Abbadia : 2625 clichés pour l'inventaire photographique du château
Abbadia : 2625 clichés pour l'inventaire du château

Le château observatoire Abbadia, propriété de l'Académie des sciences, a été construit dans la deuxième partie du XIXe siècle à la demande d'Antoine d'Abbadie, chercheur scientifique et correspondant de l'Académie des sciences, connu pour ses travaux en Éthiopie. Il a fait appel à Viollet-le-Duc en 1864 pour la construction de sa demeure, et à son collaborateur Edmond Duthoit. Le château est classé aux monuments historiques depuis 1984.

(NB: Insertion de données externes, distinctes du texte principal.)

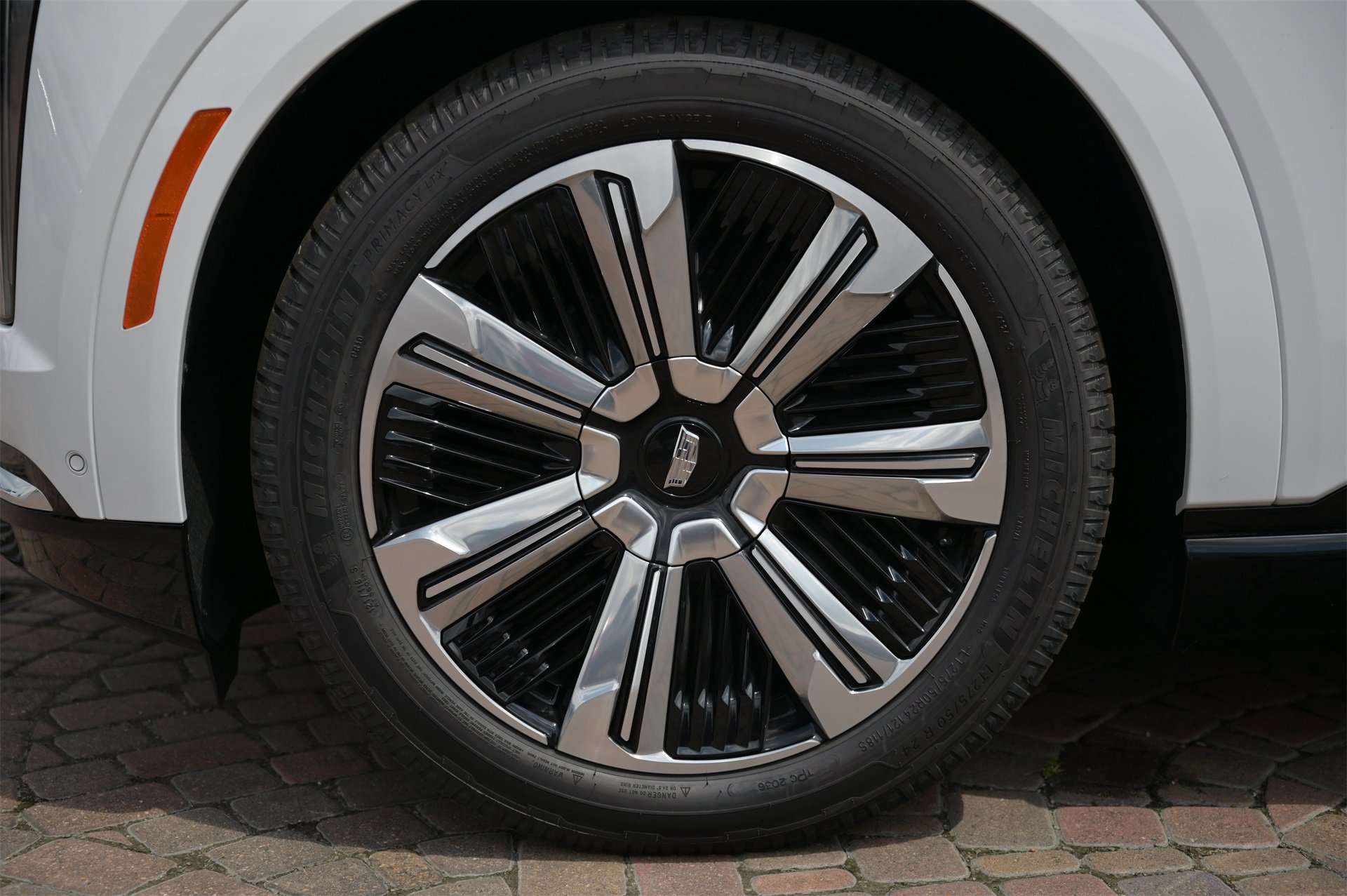 New 2025 Cadillac Escalade IQ Luxury 2 image 27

Un inventaire systématique des collections

Un inventaire systématique des collections du château a été mené en plusieurs étapes au fil des années. En premier, tout le mobilier d'expérimentation scientifique, ensuite tous les dessins, plans et aquarelles témoins de la construction du château conservés sur place, et enfin le mobilier conçu par Edmond Duthoit. « Le dernier inventaire s'est déroulé en 2004, puis un recollement contradictoire a été fait en 2023. Nous achevons en ce début mai un inventaire complémentaire des objets mobiliers d'Abbadia », indique Frédéric Soulu, chargé de mission pour l'Académie des sciences.

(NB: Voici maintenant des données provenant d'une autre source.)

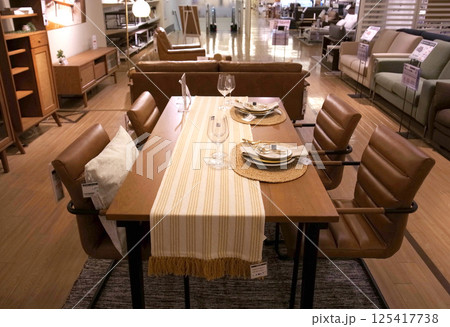 家具売り場 食卓 ショッピング 家具売り場 食卓 ショッピング 125417738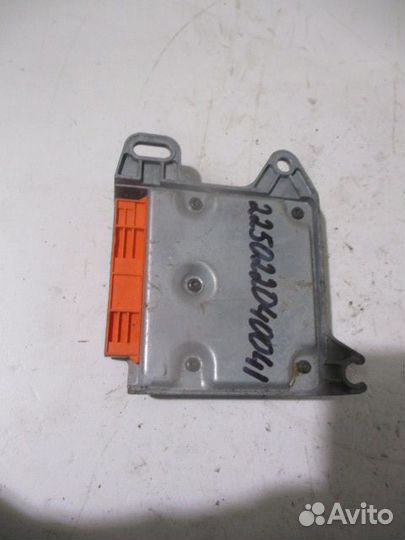 Блок управления подушкой бзопасности renault 82003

Il présente Jean-Pierre Rousset, photographe spécialisé dans le patrimoine, qui a été missionné au mois de mars par l'Académie des sciences à la suite d'un appel d'offres. « Je ne connaissais guère la demeure d'Antoine d'Abbadie avant de me pencher sur cet inventaire. Pourtant j'habite Hendaye… », avoue l'auteur photographe franco-américain qui se consacre à l'inventaire photographique des monuments et sites des chemins de Saint-Jacques depuis 1995.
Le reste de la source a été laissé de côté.